On the hero side, you’re looking at a choice between five different heroes – though things diversify further once you get into the game and start developing them. This happens through the ‘career options’ the game offers, which essentially give you sub-classes to choose from. This will (or at least should) affect your other choices as well, including which weapons to take into combat. Vermintide 2 has over fifty different weapon types, and although many of them are of the ranged variety you’ll definitely want a melee weapon in combat as well. The Skaven are back, and they WILL swarm you and get close.
The Skaven aren’t alone this time around though, as they’re joined forces with the Chaos warriors. These enemies are fewer in numbers, but make up for it in strength and their defensive capabilities. This is probably the biggest game-changer in Vermintide 2, as it forces you to cooperate in new ways and mix up your tactics dynamically depending on the foes you’re currently fighting. Where the first Vermintide game often had team members focusing on different waves of Skaven warriors, here you’ll find a greater need to join forces when Chaos soldiers start attacking your team.
Also making battles more dynamic is the “heroic deeds system”. These are feats you can pull off, but in reality they’re temporary game-changers that give you mini quests that provide greater risks with a chance to also reap greater rewards. And speaking of rewards, there’s also no escaping Vermintide 2’s loot system – which we felt could mess with the flow of the game a little too much. Part of that is that there’s too much to deal with in terms of leveling up/developing your character, and often the payoff isn’t really worth it – or at least it doesn’t feel like it. I realize that part of that’s personal preference, as I’m not into crafting mechanics and also couldn’t care less about cosmetic upgrades – and Vermintide 2 has both. But even if you’re into these elements, the loot box system could definitely be optimized – which my fellow players were also keen to point out. At least Fatshark didn’t implement a microtransaction system, which is a big plus.
What’s also an asset to Vermintide 2 is that you don’t need much in the way or background knowledge on the Warhammer universe. In games likes Mordheim, it pays to have table top experience – but in Vermintide it’s really just used for the setting, making the game more accessible to team coop gamers. That’s not to say that the game is a walk in the park, since it’s actually extremely challenging due to the need to develop team tactics and the game’s knack for mixing things up in terms of enemy positions, formations and attack patterns.
Of course, many of these elements were also present in the first Vermintide game, which sparked some discussion on our end about how happy we would have been had Fatshark just released more DLC for that game instead. At the end of that discussion, we decided that unless they had added more races to the original game, the sequel is very much worth it. The new locations are something we already got from Vermintide’s DLC expansions, but the Chaos warriors mix up the core gameplay enough to make the game feel fresh and force us to reinvent our own strategies.
Update (July ’18): Having now played the game on Xbox One as well, it’s clear that Fatshark learned a lot from porting the first title to consoles.
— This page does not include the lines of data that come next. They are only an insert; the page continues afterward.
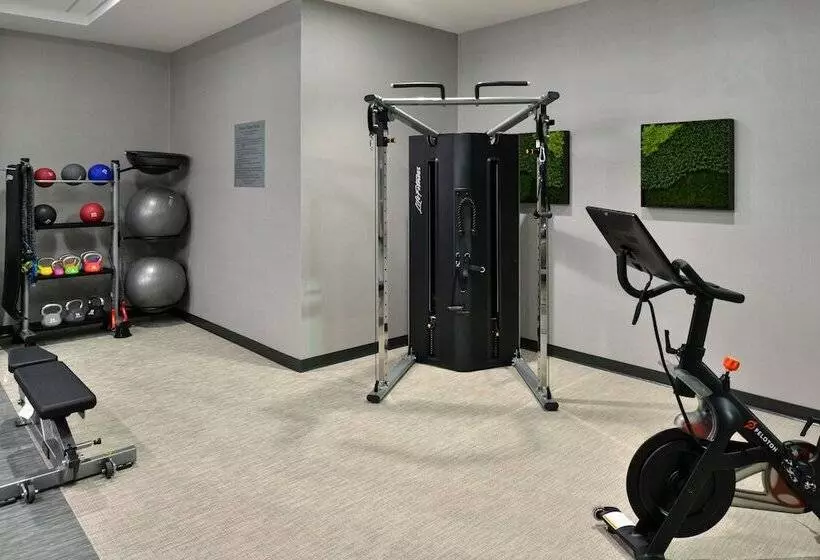 Hotelli Courtyard By Marriott Raleigh Cary Crossroads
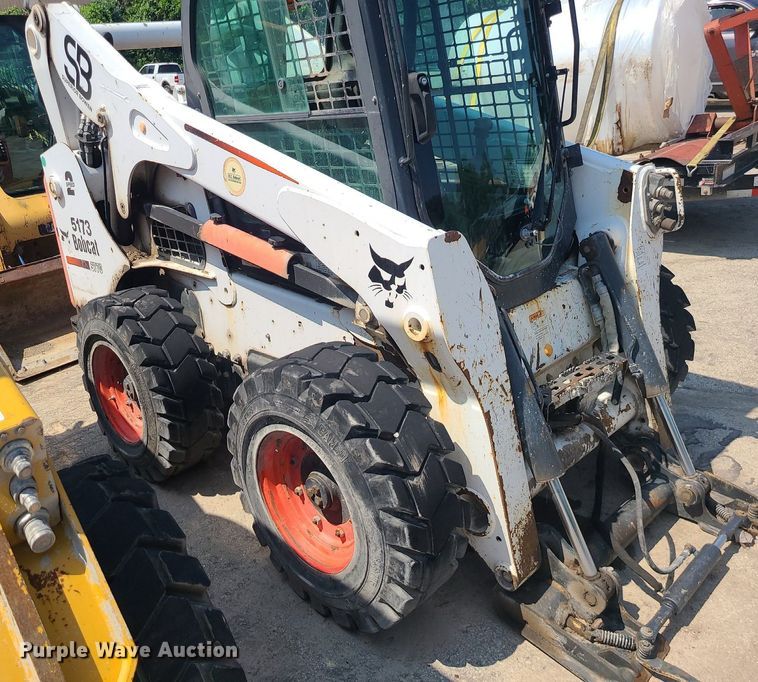 image for item LE9154 2013 Bobcat S770  skid steer loader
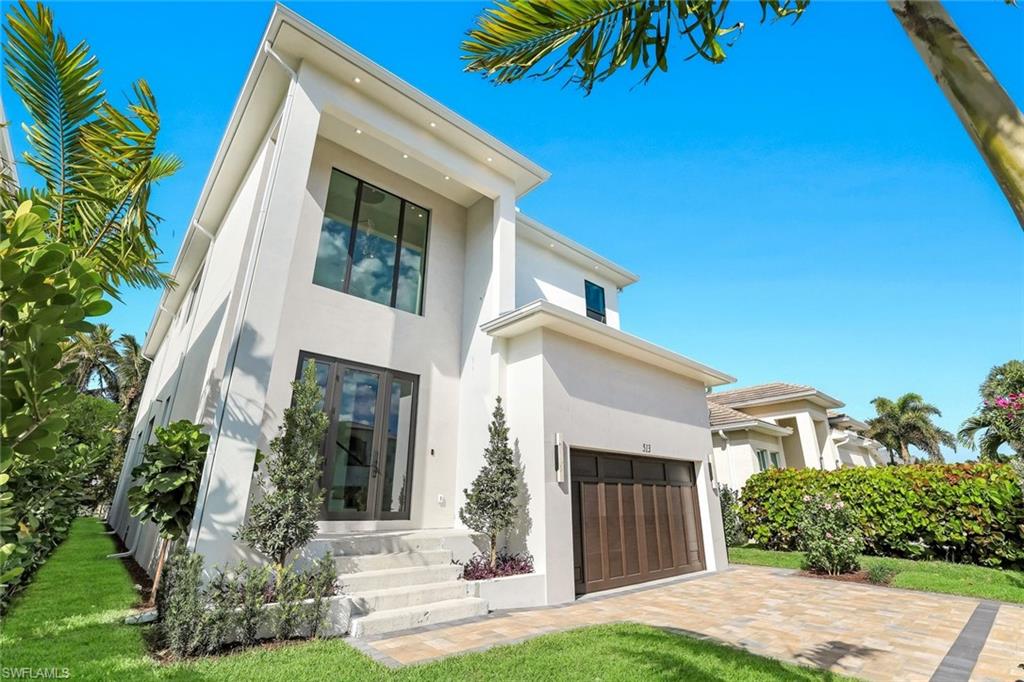 NAPLES PARK - Residential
The process has been quicker this time around, and the experience is very similar to what you get on PC. Vermintide 2’s been popular and Fatshark hasn’t tweaked the formula much as a result, which unfortunately also means that the crafting/modding/rpg part of the game is still there in full effect – it’s just too much time spent in a UI for me, especially on a console. Still, plenty of gamers out there don’t object, so it’s probably just me. Performance on Xbox One is excellent and the game’s still every bit as good, so the score above stands.